THE TASK: The listing below is to be copied exactly, with pictures excluded.

PROVIDED DATA:
╔══
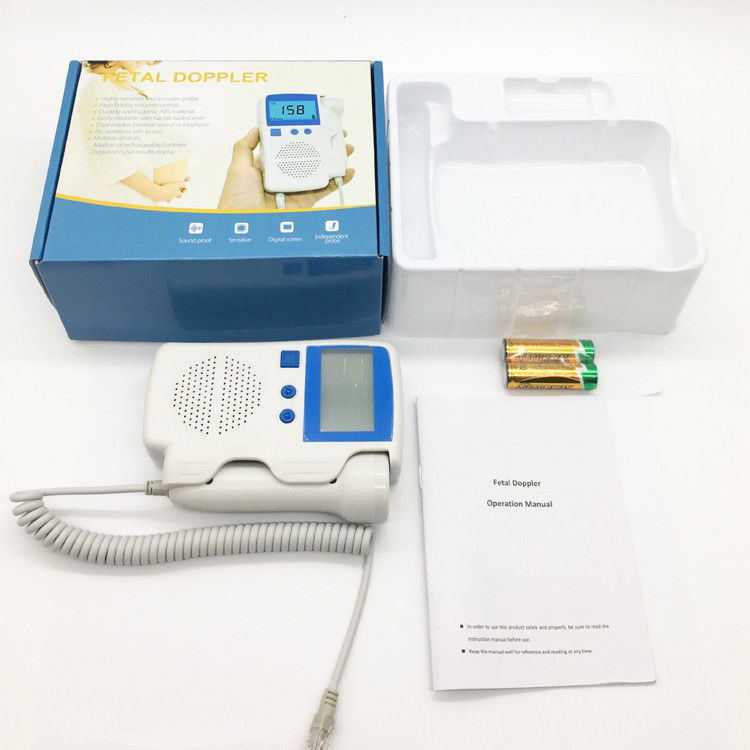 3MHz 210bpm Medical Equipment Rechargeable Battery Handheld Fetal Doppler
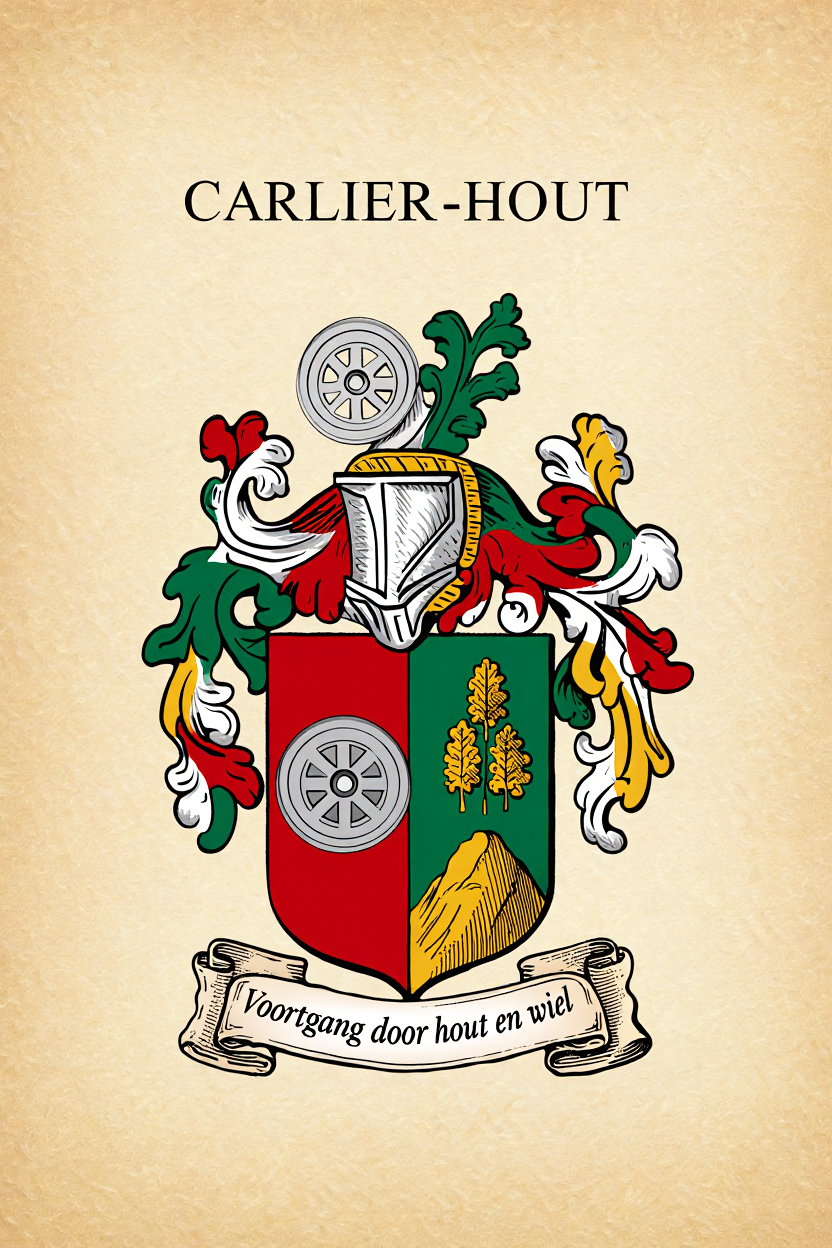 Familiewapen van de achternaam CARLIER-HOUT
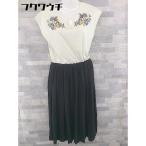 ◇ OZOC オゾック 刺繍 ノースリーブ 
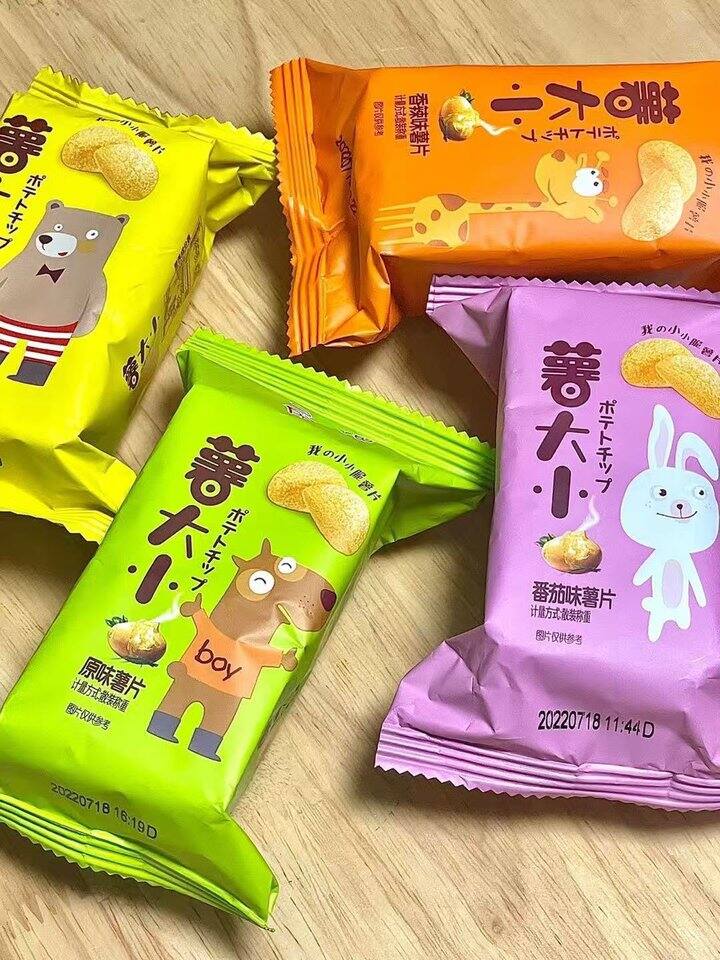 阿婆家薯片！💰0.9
╚══
ANSWER BOX:
 3MHz 210bpm Medical Equipment Rechargeable Battery Handheld Fetal Doppler
 Familiewapen van de achternaam CARLIER-HOUT
 ◇ OZOC オゾック 刺繍 ノースリーブ 
 阿婆家薯片！💰0.9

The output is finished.